Attention, cette vidéo n'a rien à voir avec le Texas.
🇺🇸No Texas, os tanques estão a rolar contra os imigrantes ilegais e Joe Biden 🇺🇸 pic.twitter.com/v2SNqhnLiB
— Verdade aparecerá (@VNatista86180) 29 janvier 2024
En réalité, plusieurs éléments visuels, analysés par la cellule Info Vérif de RFI attestent que cette vidéo n’a rien à voir avec le Texas. La plaque d’immatriculation, visible sur le pick-up rouge au premier plan, correspond aux plaques chiliennes et non texanes.
La voiture de police verte stationnée à l’horizontale sur le bord de la route est un modèle appartenant aux Carabiniers du Chili.
De plus, les tanks traversant la route sont des chars Léopards 2. Un modèle qui figure dans l’arsenal militaire du Chili et non pas celui de l’armée américaine. Une recherche par mots clés permet enfin de retrouver cette même vidéo publiée par des internautes chiliens entre le 7 et le 9 novembre 2023.
Ce timing correspond aux manœuvres militaires qui se sont déroulées au Chili entre le 6 et le 10 novembre 2023 dans le cadre de l'exercice « Tormenta 2023 ».
Post de l'armée chilienne.
Jusqu’ici, aucune information ne fait état du déploiement de tanks à la frontière avec le Mexique, ni d’affrontement entre les forces texanes et les agents fédéraux.
La propagande russe surfe sur la crise
Très attentive à l’évolution de la situation aux États-Unis, la propagande russe s’est rapidement emparée de cette crise. Plusieurs relais influents, proches du Kremlin, encouragent ouvertement la circulation d’un narratif séparatiste.
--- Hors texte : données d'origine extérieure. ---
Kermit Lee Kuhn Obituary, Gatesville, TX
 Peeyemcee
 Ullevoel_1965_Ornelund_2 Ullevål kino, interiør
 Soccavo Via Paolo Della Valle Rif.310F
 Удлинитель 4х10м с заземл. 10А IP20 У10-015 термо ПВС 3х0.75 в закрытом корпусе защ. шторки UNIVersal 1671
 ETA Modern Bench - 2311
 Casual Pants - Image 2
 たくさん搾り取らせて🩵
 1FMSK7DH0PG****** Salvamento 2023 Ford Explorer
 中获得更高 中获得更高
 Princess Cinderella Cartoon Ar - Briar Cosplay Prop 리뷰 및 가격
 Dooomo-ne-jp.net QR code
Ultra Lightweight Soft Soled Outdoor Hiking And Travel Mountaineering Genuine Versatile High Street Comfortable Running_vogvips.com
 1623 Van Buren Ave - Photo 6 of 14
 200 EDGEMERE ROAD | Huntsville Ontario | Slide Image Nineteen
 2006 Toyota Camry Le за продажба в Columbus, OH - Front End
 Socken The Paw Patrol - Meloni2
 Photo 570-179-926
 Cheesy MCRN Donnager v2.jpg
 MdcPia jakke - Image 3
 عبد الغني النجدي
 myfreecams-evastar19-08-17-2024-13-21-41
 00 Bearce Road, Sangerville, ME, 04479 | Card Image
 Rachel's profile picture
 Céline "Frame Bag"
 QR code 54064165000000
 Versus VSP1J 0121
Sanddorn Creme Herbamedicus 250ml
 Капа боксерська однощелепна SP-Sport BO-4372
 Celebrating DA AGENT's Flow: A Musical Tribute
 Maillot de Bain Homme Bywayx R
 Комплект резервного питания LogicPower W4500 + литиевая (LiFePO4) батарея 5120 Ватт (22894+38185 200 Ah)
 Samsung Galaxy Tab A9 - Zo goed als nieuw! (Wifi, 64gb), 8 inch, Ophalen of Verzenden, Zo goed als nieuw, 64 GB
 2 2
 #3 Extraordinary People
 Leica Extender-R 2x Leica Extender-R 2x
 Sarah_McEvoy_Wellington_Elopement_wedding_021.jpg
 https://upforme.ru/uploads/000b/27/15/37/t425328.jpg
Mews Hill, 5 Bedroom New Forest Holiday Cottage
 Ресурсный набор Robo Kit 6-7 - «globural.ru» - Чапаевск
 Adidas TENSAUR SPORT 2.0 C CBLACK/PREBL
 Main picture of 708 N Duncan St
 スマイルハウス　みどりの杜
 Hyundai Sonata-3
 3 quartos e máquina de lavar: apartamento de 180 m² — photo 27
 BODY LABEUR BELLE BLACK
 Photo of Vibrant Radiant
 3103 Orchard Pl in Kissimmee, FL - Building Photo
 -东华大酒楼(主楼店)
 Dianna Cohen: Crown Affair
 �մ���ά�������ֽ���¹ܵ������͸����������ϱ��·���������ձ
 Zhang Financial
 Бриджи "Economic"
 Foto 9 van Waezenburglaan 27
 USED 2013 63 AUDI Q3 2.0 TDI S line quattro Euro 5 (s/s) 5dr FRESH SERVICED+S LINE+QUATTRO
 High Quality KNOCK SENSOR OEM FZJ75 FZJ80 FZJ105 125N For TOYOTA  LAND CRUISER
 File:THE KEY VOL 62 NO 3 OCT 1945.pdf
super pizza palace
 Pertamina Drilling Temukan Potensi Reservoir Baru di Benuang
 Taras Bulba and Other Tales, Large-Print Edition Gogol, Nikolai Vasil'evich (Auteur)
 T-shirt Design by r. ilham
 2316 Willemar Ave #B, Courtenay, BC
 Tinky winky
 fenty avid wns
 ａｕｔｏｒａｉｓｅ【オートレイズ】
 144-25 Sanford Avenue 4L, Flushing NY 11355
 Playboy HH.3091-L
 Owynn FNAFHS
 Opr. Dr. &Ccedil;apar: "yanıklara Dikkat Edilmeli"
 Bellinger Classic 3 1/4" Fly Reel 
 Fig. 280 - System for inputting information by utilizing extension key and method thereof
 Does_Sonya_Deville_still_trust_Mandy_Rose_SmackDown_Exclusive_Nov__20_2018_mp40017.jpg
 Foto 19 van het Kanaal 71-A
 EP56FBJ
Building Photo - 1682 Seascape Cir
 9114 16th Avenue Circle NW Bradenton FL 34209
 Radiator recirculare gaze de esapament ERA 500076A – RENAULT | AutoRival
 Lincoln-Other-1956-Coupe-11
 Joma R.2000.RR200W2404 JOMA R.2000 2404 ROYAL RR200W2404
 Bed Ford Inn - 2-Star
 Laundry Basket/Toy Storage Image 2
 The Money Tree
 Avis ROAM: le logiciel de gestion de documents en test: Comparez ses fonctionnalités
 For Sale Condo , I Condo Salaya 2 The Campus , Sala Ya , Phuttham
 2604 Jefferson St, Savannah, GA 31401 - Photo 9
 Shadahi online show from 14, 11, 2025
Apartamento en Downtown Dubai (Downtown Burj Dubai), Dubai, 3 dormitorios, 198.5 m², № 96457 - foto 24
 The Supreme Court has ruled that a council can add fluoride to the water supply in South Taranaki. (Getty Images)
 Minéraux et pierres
Le député russe, Sergueï Mikhaïlovitch Mironov, a ainsi tweeté : « dans l’affaire Texas contre États-Unis, je suis du côté de l’État. Au moins, le Texas ne s'immisce pas dans les affaires des autres pays. Si nécessaire, nous sommes prêts à contribuer au référendum sur l’indépendance. Et bien sûr, nous reconnaîtrons la République populaire du Texas, s’il en existe une. Bonne chance ! ».
La porte-parole du ministère russe des Affaires étrangères, Maria Zakharova, a, elle, ironisé sur la situation dans un message sur son canal Telegram. « Il est temps pour le président américain, dans la meilleure tradition de son prédécesseur Obama, de déclarer que “le Texas doit partir” et de rassembler une coalition internationale pour libérer ses habitants au nom de la démocratie. » Contacté par le magazine américain Newsweek, un porte-parole du département d’État américain a réagi, déclarant que « le Kremlin tente de la manière la plus évidente de concocter un faux récit qui sèmera la division dans notre pays. Nous espérons que les gens verront cette histoire pour ce qu'elle est, c'est-à-dire une absurdité typique du Kremlin ».